Niños que ayudan a niños

La percepción social de lo que es la infancia ha padecido algunas sustanciales mutaciones en la historia reciente. Una de las contradicciones culturales de nuestro tiempo radica en la paradoja de proclamar que el niño es el rey, astro en torno al cual giran todos, mientras nos encontramos con una hostilidad real hacia los niños. ¿Qué tipo de hostilidad? La actitud que niega al niño el espacio interior en el hogar; también el espacio exterior para que pueda desarrollarse con libertad y alegría.

Las manifestaciones de esa hostilidad del mundo hacia el niño son variadas. Desde las puertas cerradas de quienes legitiman la posibilidad de su vida misma y cercenan el hilo de su existencia, de su ser como realidad que viene, hasta quienes utilizan a la infancia como reclamo y aún como medio para conquistar dinero, placer o poder. Digámoslo con claridad: en muchas de las manifestaciones culturales y en el sistema de valores de la sociedad de consumo, el niño se presenta como una amenaza y un competidor de nuestra libertad de adultos.

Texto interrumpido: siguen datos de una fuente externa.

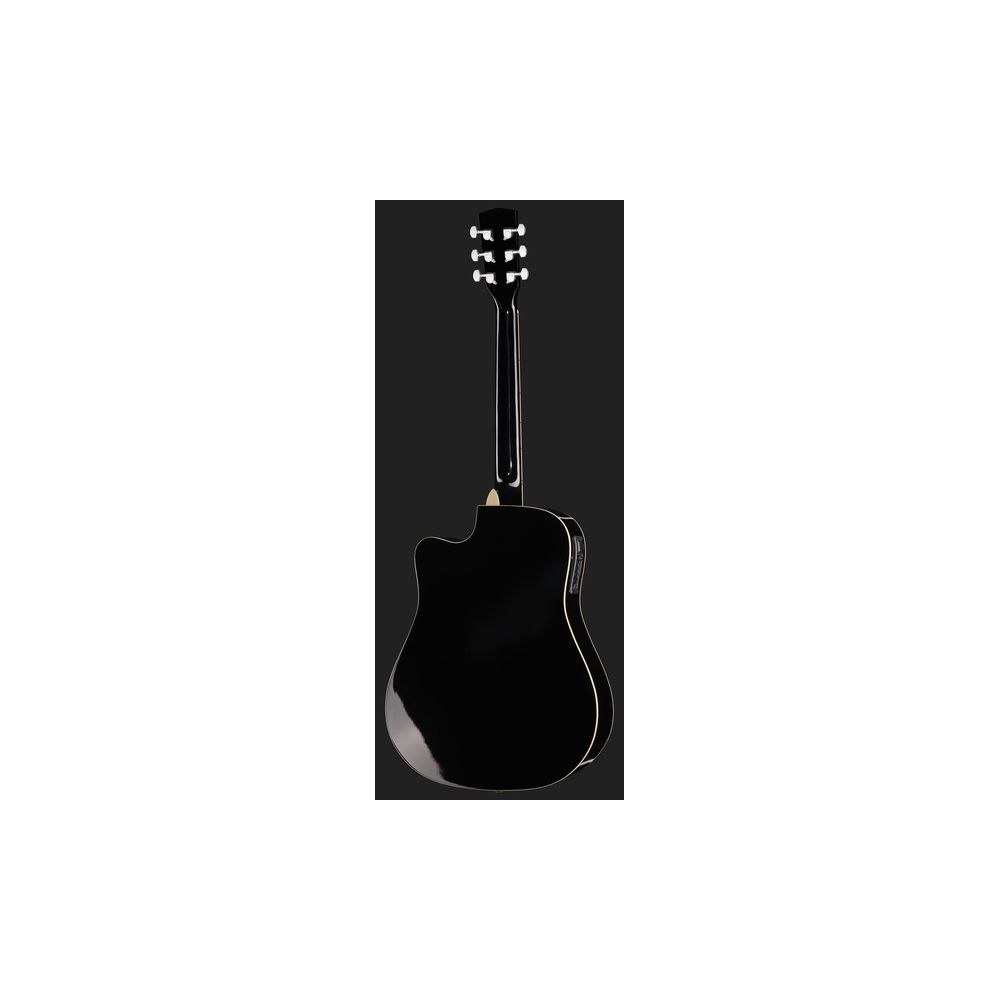 גיטרה אקוסטית מוגברת Harley Benton דרדנוט – קאטאוויי, EQ 4 ערוצים, שחור מבריק (יבוא בלעדי) 3 הדרדנוט השחורה המוגברת של Harley Benton – גיטרה אקוסטית מוגברת, תמונה 3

No todos en nuestra sociedad sienten y actúan, sin embargo, del modo antes descrito. Hay quienes luchan por un mundo distinto. El nacimiento de cada niño es para ellos un acontecimiento gozoso. El nacimiento y la manifestación del Niño Dios, celebrado en la sencillez del misterio cristiano, es decisivo para pensar nuestra propia relación con la vida. La Iglesia, además, durante el mes de enero, ofrece a los niños católicos una participación real en la llamada «misión adgentes», las misiones de toda la vida, la Infancia misionera. Son niños que ayudan a niños. Este protagonismo de la infancia nos ayuda a los adultos a repensar nuestra relación con la vida, con las alegrías y con las esperanzas, y a afrontar los problemas de la humanidad con la esperanza de los niños.

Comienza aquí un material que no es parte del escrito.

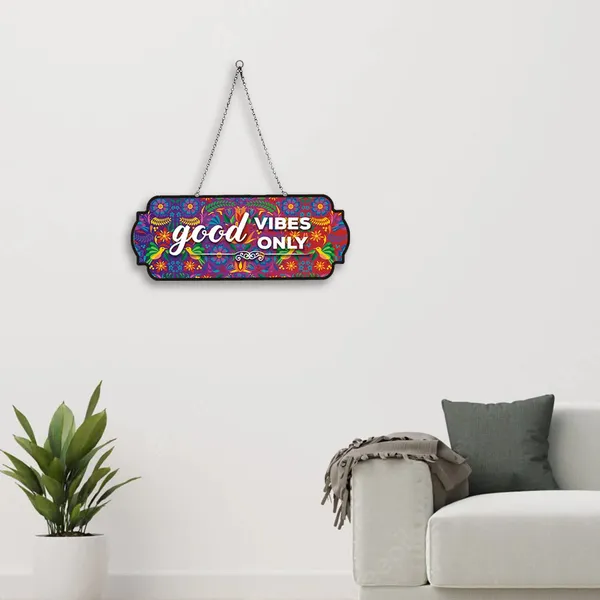 Wood_Multicolor_Good_Vibes_Mounted_Poster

La Obra de la Infancia Misionera es una bellísima historia acontecida en ese espacio de la vida de las personas. Nos habla de cómo los niños son capaces de sacar lo mejor de sí mismo en favor de otros niños más desfavorecidos. Hay quien puede pensar que esta misión de los niños esperdereltiempo. No es así. Son muchas las maneras de trabajar con niños, pero una de ellas principal es la de educarles en el amor al prójimo, en la solidaridad humana. Hacia esta dirección se orienta la obra de la Infancia Misionera.

El 9 de mayo de 1843, el obispo de Nancy en Francia, monseñor Forbin-Janson, llamó la atención de los niños y muchachos de su Diócesis sobre la situación de otros niños en China y les pidió disponibilidad para ayudar a la Iglesia. Les urgió, en concreto, a rezar un Avemaría al día y algo de dinero al mes. En poco tiempo, esta iniciativa misionera de apoyo material y espiritual superó los confines de Francia y se difundió en otros países. Era ya una hermosa realidad en la Iglesia, cuando Benedicto XV escribía en 1919: «Recomendamos que todos los niños cristianos puedan adherirse a esta Obra, para que gracias a ella aprendan a ayudar en la evangelización del prójimo y comprendan ya a su edad el valor precioso de la fe».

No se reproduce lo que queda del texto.